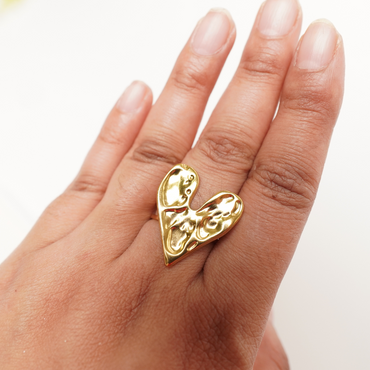 Ashara Abstract Heart Statement Ring |Adjustable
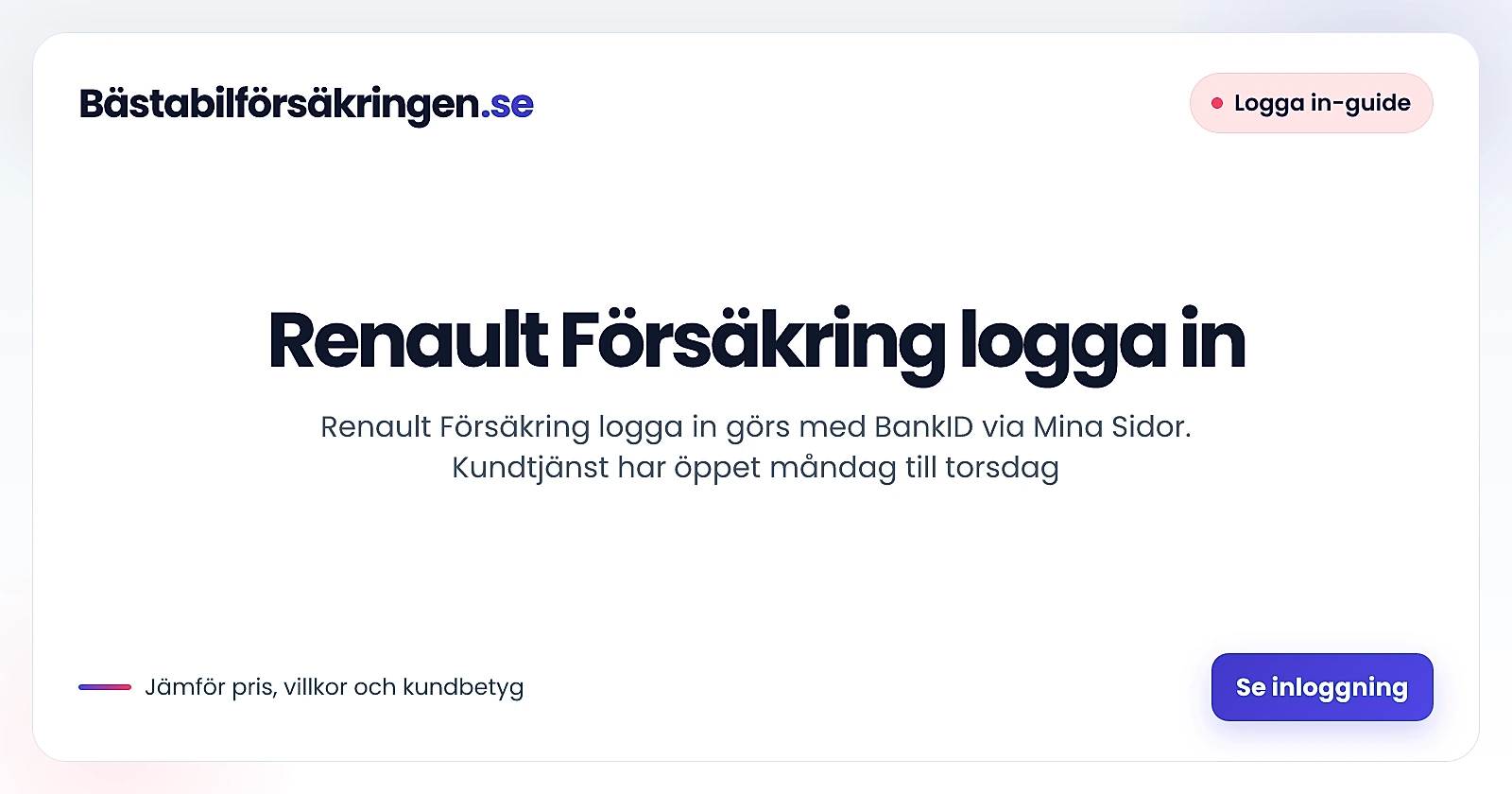 Renault Försäkring logga in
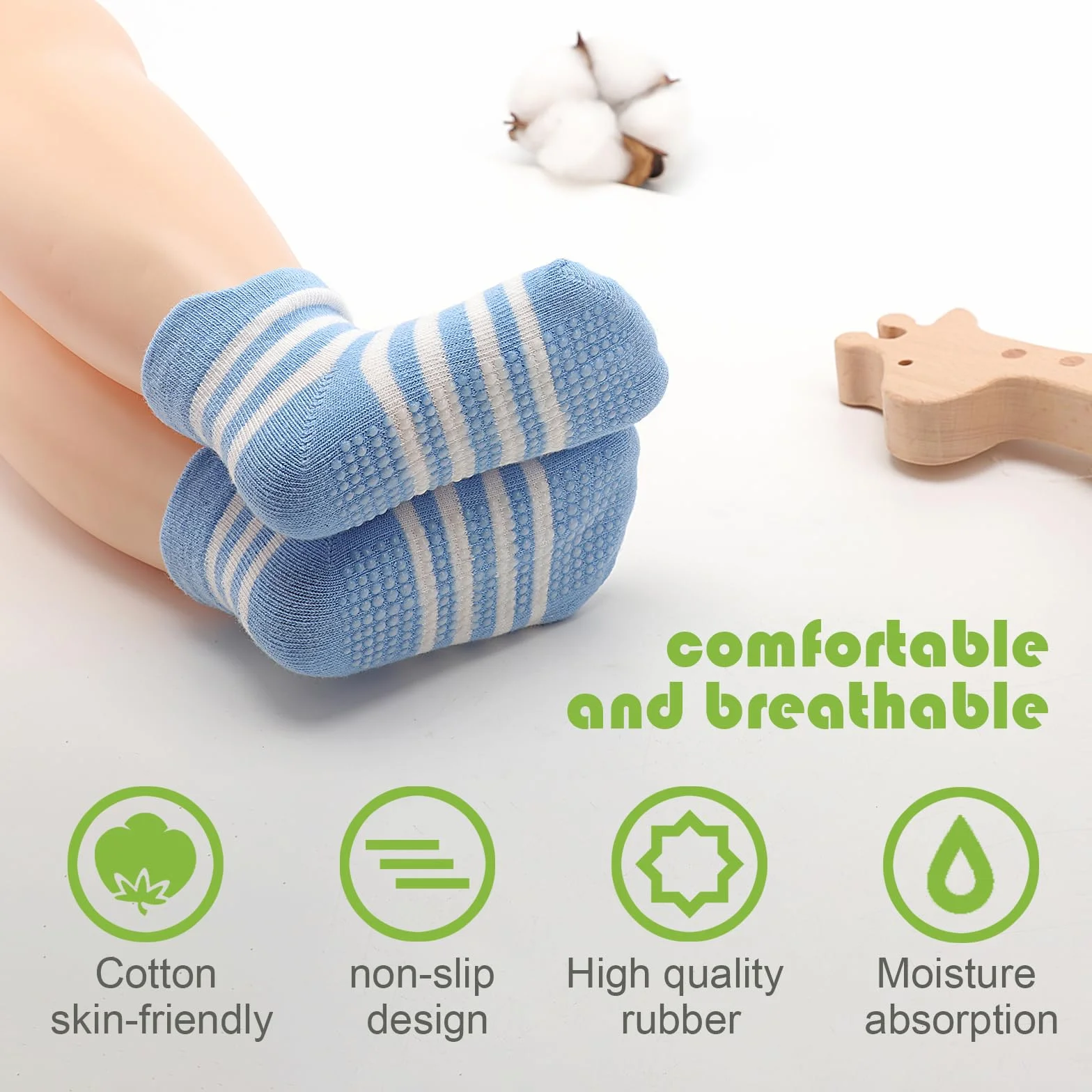 Chaussettes de Cheville Antidérapantes pour Bébé DRESHOW avec Semelles Antidérapantes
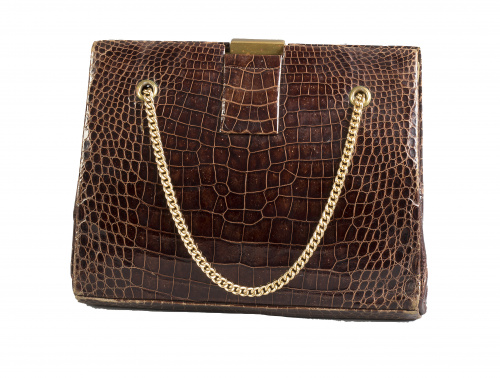 Bolso de cocodrilo con doble asa de cadena en metal dorado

Your goal: Transcribe the whole listing above exactly and leave out the pictures.

Written response:
 Ashara Abstract Heart Statement Ring |Adjustable
 Renault Försäkring logga in
 Chaussettes de Cheville Antidérapantes pour Bébé DRESHOW avec Semelles Antidérapantes
 Bolso de cocodrilo con doble asa de cadena en metal dorado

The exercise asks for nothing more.